A introdurre la serata Grazia Scurria. Richiamandosi al tema dell’incontro, la capogruppo consiliare di Casa Comune ha auspicato che “il tuffo nell’umanità possa essere sempre e soltanto spontaneo, in un rapporto diretto tra uomo e uomo”.
Ha poi ricordato l’esperienza vissuta un paio d’anni fa con quattro profughi afghani, accolti inizialmente in una struttura mandellese e in seguito di fatto “adottati” proprio da Casa Comune. “Quei quattro ragazzi hanno frequentato la scuola di italiano - ha detto - e sono stati accompagnati nel loro non facile cammino verso l’ottenimento del permesso di soggiorno”.
Uno di loro, Said, era in sala. Ora vive e lavora a Milano. “Ho un bellissimo ricordo di Mandello e di “mamma Lucia”, responsabile della casa in cui ho vissuto per oltre un anno”, ha affermato. Per poi aggiungere, semplicemente: “Sono contento. Sì, oggi sono davvero contento”.
Non una serata “contro” ma una serata “per”, aveva specificato Sergio Pomari, chiamato a moderare l’incontro, seguito da un pubblico numeroso e partecipe. E che si trattasse di una serata positiva lo si è capito fin dall’intervento di don Giusto. “L’accoglienza - ha premesso il parroco di Rebbio - è insieme un diritto e un dovere. Ed è di tutti nei confronti di tutti.

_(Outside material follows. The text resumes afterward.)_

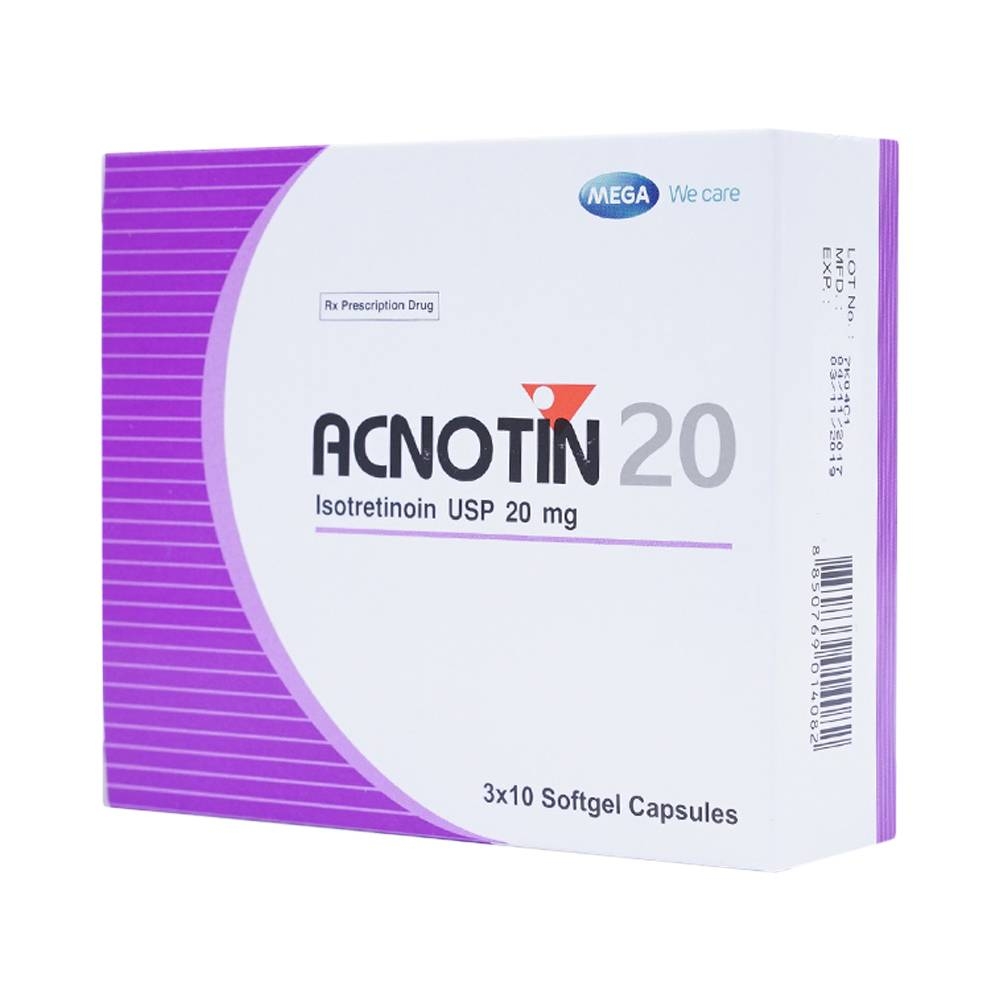 Hình ảnh Thuốc Acnotin 20mg MEGA We care điều trị mụn trứng cá nặng (3 vỉ x 10 viên)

Noi accogliamo chi bussa alla nostra porta anche se c’è chi ci accusa di pensare soltanto agli stranieri. Qualche anno fa siamo anche stati denunciati dalla Lega Nord e, dopo un esposto alla Questura, abbiamo dovuto pagare una multa salata. Questo fa male, ma Como è purtroppo una città ancora propensa a leggere tutto in chiave più ideologica che umana”.
Padre Angelo Cupini ha ricordato i primi passi mossi sul fronte dell’accoglienza fin dalla fine degli anni Settanta e sollecitato a “fermentarsi reciprocamente”. “Ecco, è questo ciò che dovrebbe accadere”, ha sottolineato prima di soffermarsi sul “progetto crossing” ideato tredici anni fa dalla Comunità di via Gaggio e ospitato dalla “Casa sul pozzo” di Lecco proprio allo scopo di favorire l’integrazione e aiutare i giovani giunti in Italia grazie al ricongiungimento familiare o nati nel nostro Paese da genitori immigrati.

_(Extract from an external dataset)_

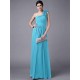 Classy Sleeveless One Shoulders Pleats Long Chiffon Bridesmaid Dresses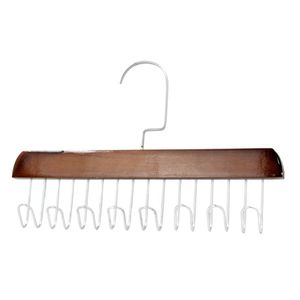 Cabide Madeira Rotativo Ganchos Organizador Armário Closet Marrom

“La paura - ha detto - è come noi generiamo l’esclusione di chi ci chiede ospitalità. Il cardinale Carlo Maria Martini diceva che dovevamo incontrare e accogliere le persone semplicemente per come loro erano e per come loro sono e nella nostra esperienza abbiamo toccato con mano quante prossimità vi siano tra il mondo cristiano e il mondo musulmano”.
Cristina Bartesaghi ha parlato dell’esperienza dei profughi accolti un paio di estati fa ai Piani Resinelli, non prima di aver premesso che “lavorare per l’inclusione vuol dire favorire la democrazia” e che “il pregiudizio inficia la capacità di creare relazioni”. “C’erano paura e diffidenza in taluni residenti - ha affermato - ma in realtà paura e diffidenza sono ben presto evaporate e tutto si è risolto senza particolari problemi e, anzi, con l’accoglienza volontaria da parte proprio di alcuni residenti”.

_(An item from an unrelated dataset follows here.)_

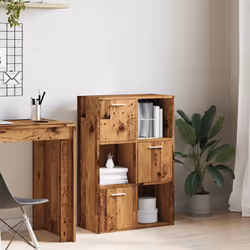 vidaXL Storage Cabinet Highboard Cupboard Bookcase Book Shelf Engineered Wood - old wood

Quindi l’altra esperienza delle tre donne somale che, ospitate ad Abbadia, lo scorso novembre hanno trovato accoglienza altrove e successivamente delle due mamme nigeriane e dei loro due bimbi tuttora in paese.
“E’ bello mettere in gioco le nostre fragilità ed è importante creare meno divisioni possibili”, ha detto il primo cittadino, che ha aggiunto: “In questo senso è a mio giudizio fondamentale che ci sia solidarietà tra i pubblici amministratori e la cittadinanza, per favorire in tal modo la serenità di tutti”.
Non ha peraltro nascosto, il sindaco, una preoccupazione. “Ad Abbadia - ha affermato - ben pochi cittadini mi hanno fermato anche semplicemente per dire la loro sulle nostre esperienze di accoglienza e devo ammettere che quel “silenzio” un po’ mi preoccupa, ma non dobbiamo scoraggiarci”.
“Chi parla di accoglienza, come state facendo voi in questo territorio, ha un compito delicato - ha specificato subito dopo Mirko Mazzali - e deve cercare di "recuperare cultura" sul tema dell’immigrazione”. “Nessuno deve o dovrebbe dimenticare - ha aggiunto il consigliere al Comune di Milano, avvocato penalista di professione - che parliamo di persone e non di numeri né di oggetti. E dobbiamo rompere il binomio accoglienza-insicurezza. In questo senso, è vero, i dati sono in controtendenza, eppure la percezione della gente è diversa”.
“Occorre investire soldi ed energie nell’integrazione - ha osservato sempre Mazzali - e creare occasioni di incontro tra migranti e residenti”.
“Oggi è il tempo dell’obiezione di coscienza - ha affermato a fine serata padre Angelo Cupini - perché solo così facendo si diventa cittadini responsabili di fronte a determinati diritti violati”.
All’ingresso del teatro comunale vi era un’installazione dell’artista Raouf Gharbia ispirata al Mediterraneo e al fenomeno migranti. Prima di lasciare il “De Andrè” molti l’hanno sottoscritta. Una firma per dire che è ancora possibile “tuffarsinell’umanità.